If it depended on me saving money in order that we might be married, I’m afraid we’d wait a long time. Last Saturday I sunk a good deal of my money in some musical encyclopedias. They are wonderful, but I’ve been having some misgivings over it since. I decided I wouldn’t get a new coat and buy these instead.
It snowed all day in a blustery way that makes me realize winter is upon us. I have felt mean today, but I don’t know why. Even though they are nice youngsters and I like the group as much as I could like any group, they still get on my nerves. Children tire me to death. When I get away from them I am all right.
I can’t think of you as a teacher in school dealing with the general run of high school students. It seems such a small, petty thing for you to be doing. I can more easily picture you in those things that you call your outside activities. I see you working with men and big things – if you get what I mean. I can imagine you as a college professor, but I can’t get you connected with high school. (Rachel’s note: Good call, Mom! John went on to have an illustrious career as a professor of political science at Penn State, wrote text books, served as Secretary of Administration for the state of PA and various state commissions, was a partner in a consulting firm, his list of accomplishments goes on and on.)
I read an article that says girls today are too independent and are trying to avoid their natural duties. Interesting, but I firmly believe in birth control. I am glad you are well versed in it or woe to me. My poor unfortunate cousin, who evidently doesn’t believe in it, has had a baby in her arms ever since she was married. She began nine months after she was married. The fifth one came last month. Poor things!

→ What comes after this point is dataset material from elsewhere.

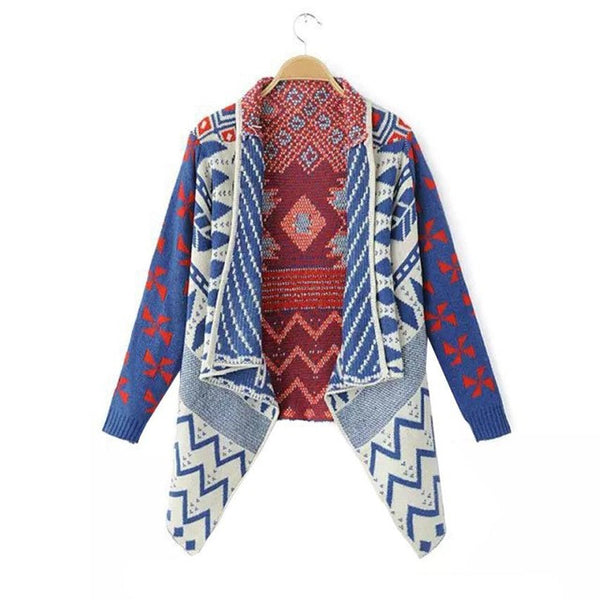 Knit Cardigan Sweater Coat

As usual I had the most interesting time at Mrs. Heizer’s Saturday. When I arrived two Catholic sisters were there. I talked to them a little. They were very nice. Before I left a little negro girl came for her lesson. She was a cunning little thing and does quite well in her music. Mrs. Heizer had to answer the telephone so I sat down and played some duets with the little girl. She thought it was great sport and would grin so big. She counted her time so very carefully that it was almost funny. However, this is the best of all: Mrs. Heizer asked me to come into the city on the 26th to play on a program she is sponsoring. It in’t anything big, but it is a chance for me to try out. This program is an annual affair given at the home for “misguided” girls. Dale will come and take me in if he can go to the Orpheum while he waits. Catherine will come too and go to the show with him. I thought Mother would disapprove, but she seemed to think it was quite fine.
You certainly are a busy man. I don’t see how you get so much done and grow fat on it as you do. So many things would make me nervous. I guess I use my time like my money – recklessly.
The book I’ve been reading has made me think about many things that I know nothing about. The author’s remarks about the Ford plant are interesting. I know nothing about industrial problems of a large city. My life has always been well sheltered and I have lived comfortably. In fact I admit I like to live comfortably. I wonder sometimes what you actual thoughts aboutme are. They can’t be very bad or else you would not still be thinking of making me your wife.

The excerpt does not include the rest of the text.